At two different levels, addressed to two different audiences, the same message from two different commentators – you’re too stupid to understand.
The first is addressed to the Americans, and in particular George W. Bush and Condoleezza Rice, from that oh so superior Financial Times commentator, Quentin Peel.
His message is that the European Union is so complicated to outsiders that they will have difficulty understanding it. He feels that trying to explain it is like trying to describe an elephant to a man from Mars. You can describe what it looks like, but it is still well nigh impossible to demonstrate how it works, or quite what it is for.
Thus, poor little Americans like George W. and Condoleezza "do not know how much attention to pay the EU institutions, and how much the member states themselves". They blunder into bilateral relations, therefore, get accused of "divide and rule" and irritate the far superior and more sophisticated EU states.
So George W. and Condoleezza Rice, when they come to Brussels in February, are going to be terribly confused and will find everything very strange, so they will start talking to the "wrong people".
This is all because US administrations look at the EU through a "distorting prism". Translated roughly, this means they talk too much to those nasty Anglo-Saxons in Britain, instead of listening to those more sophisticated Continentals.
The cure is simple, of course. All George W. and Condoleezza need to do is realise that renegades like Tony Blair and Silvio Berlusconi, plus a few of the new member states, are not representative of the mainstream of European thinking. Instead, they should listen to those great sages, Gerhard Schröder and Jacques Chirac who are so keen to restore the relative harmony in transatlantic relations. Then absolutely everything will be all right.
At the same level of patronising condescension, addressing that different audience comes Labour peer Lord Haskins, who has told the Yorkshire Post that the EU Constitution it is too complicated an issue to be left to voters. Put another way, we’re too stupid to understand it. He fears that, mired by our own stupidity, we will vote at the referendum against Tony Blair rather than for his darling European Union.

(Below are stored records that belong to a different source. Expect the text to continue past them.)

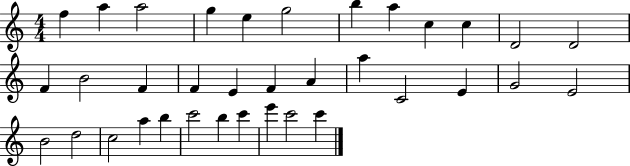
F5/q A5/q A5/h G5/q E5/q G5/h B5/q A5/q C5/q C5/q D4/h D4/h F4/q B4/h F4/q F4/q E4/q F4/q A4/q A5/q C4/h E4/q G4/h E4/h B4/h D5/h C5/h A5/q B5/q C6/h B5/q C6/q E6/q C6/h C6/q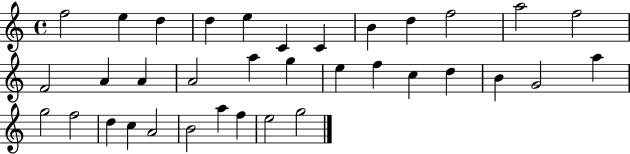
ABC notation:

X:1
T:Untitled
M:4/4
L:1/4
K:C
f2 e d d e C C B d f2 a2 f2 F2 A A A2 a g e f c d B G2 a g2 f2 d c A2 B2 a f e2 g2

He believes that Blair's decision last April to concede to a vote was the result of "panic" over mounting calls for a referendum from the Tories. TB, therefore, is stupid as well because he "just didn't think it through". Another reason, of course, why George W. and Condoleezza shouldn’t talk to him.

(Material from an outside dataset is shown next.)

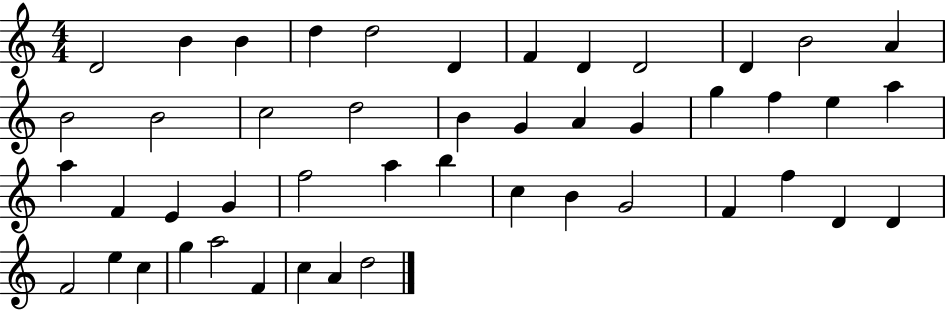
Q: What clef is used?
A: treble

Haskin’s point is that referendums are notoriously difficult to use as an instrument of government. "You're always afraid people won't answer the question," he says. "We've got to remind people that the question is specific, it's not 'is Europe a good idea or a bad idea?'."
The unofficial question though is quite simple: "Do you want to give the unelected government of the European Union more powers?" And that is simple enough – perhaps that is what worries Haskins.
Anyhow, Tory MEP leader, Timothy Kirkhope, dismisses Haskins’s argument, saying that he represents all that is worst in New Labour. "He makes patronising assertions about how they know far better than the people".
But that, dear Kirkhope, is what they all do. We are all far too stupid for them and have to be told what to do. In that, it seems, the British people, George W. and Condoleezza have a great deal in common.